Transmedia, Interactive Series ‘Si Fueras Tu’ Makes Online Waves for Spain’s RTVE

MADRID — Pubcaster RTVE’s webseries “Si fueras tu,” a Spanish adaptation of Intl. Emmy winning format “Reservoir Hill,” has become a pioneering transmedia and interactive production for Spanish TV fiction.

Available online from September via RTVE’s digital platform Playz, webseries’ eight episodes lured over three million views and scored massive tracking on social networks, including some 70,000 followers on Instagram.

Closing the circle on Dec. 8, RTVE’s core channel La 1 aired in a late-night slot a 80-minute TV movie which combined the eight episodes plus unseen footage, adding 567,000 eyeballs to its global audience results.

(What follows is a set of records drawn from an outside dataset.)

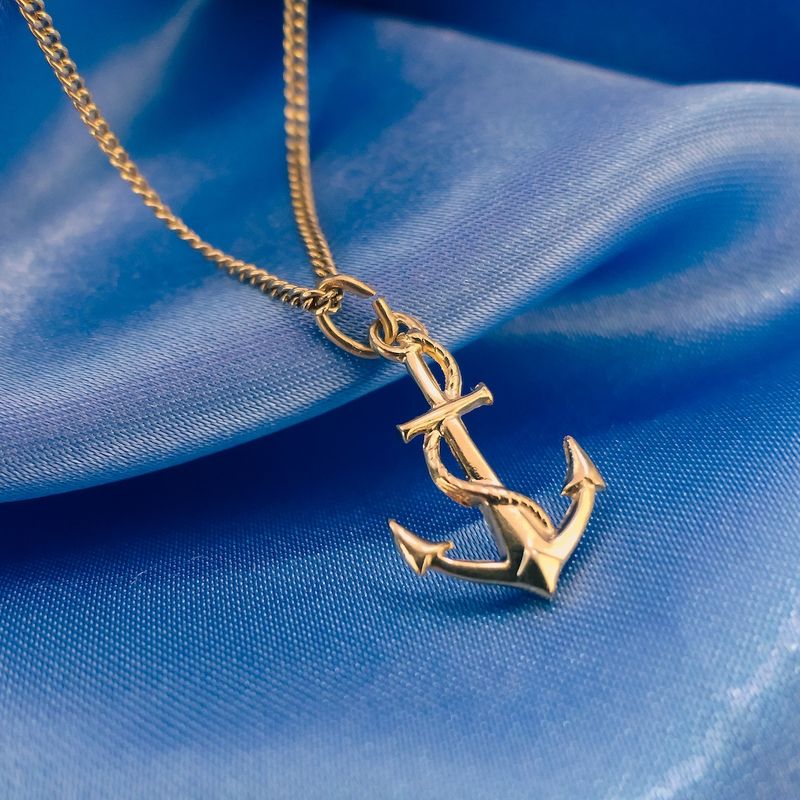 Image 2 of 8 carat anchor pendant
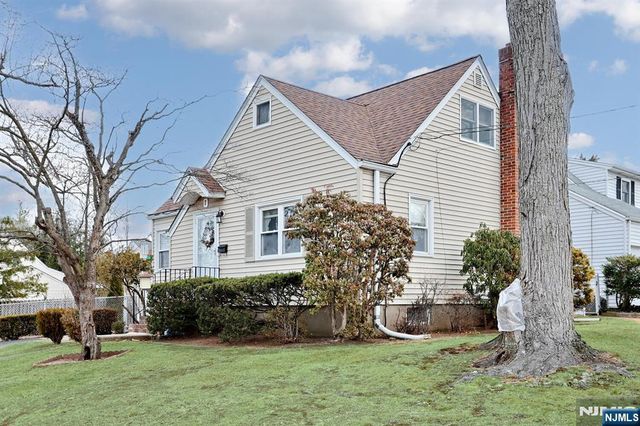 7 Overlook Drive, Dumont, NJ 07628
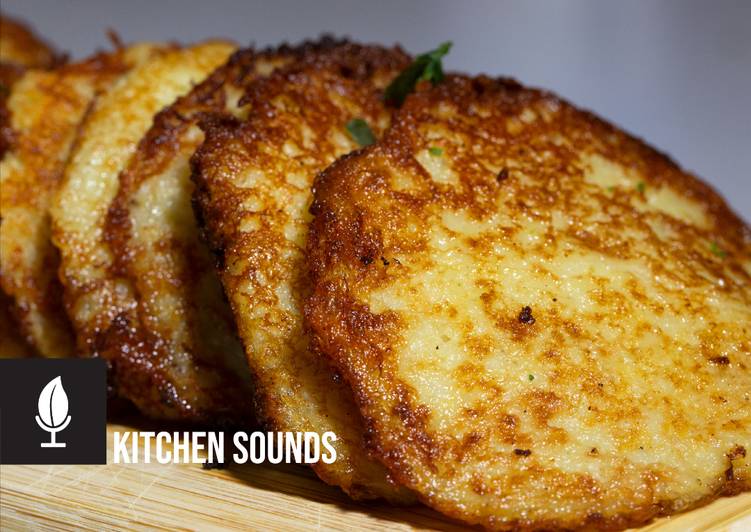 Recipe of Favorite Potato Pancakes 🥔🥚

Exec produced by well-known Spanish TV executive Isabel Raventós at Atomis Media, the psychological thriller series has achieved two major goals for the public broadcaster: Rejuvenation of its audience; strengthening its brand as an innovative company.

Driven by La 1 programming, RTVE mainly attracts +64 aged TV audiences. 71% of “Si fueras tu” online audience, however, was under 34-year-old.

As a public TV service, another of RTVE’s aims is to back innovative format projects.

For 20 years, Atomis Media co-founder Sergi Schaaff has directed for RTVE’s La 2 flagship quiz-contest “Saber y ganar,” Spain’s longest-running show, where Atomis has already implemented interactive technology.

In a transition time between linear and non-linear TV, with “Si fueras tu,” Atomis has for the first time taken on interactivity in a fiction arena.

“Webseries formats allow you to test and try to innovate,” Raventós said.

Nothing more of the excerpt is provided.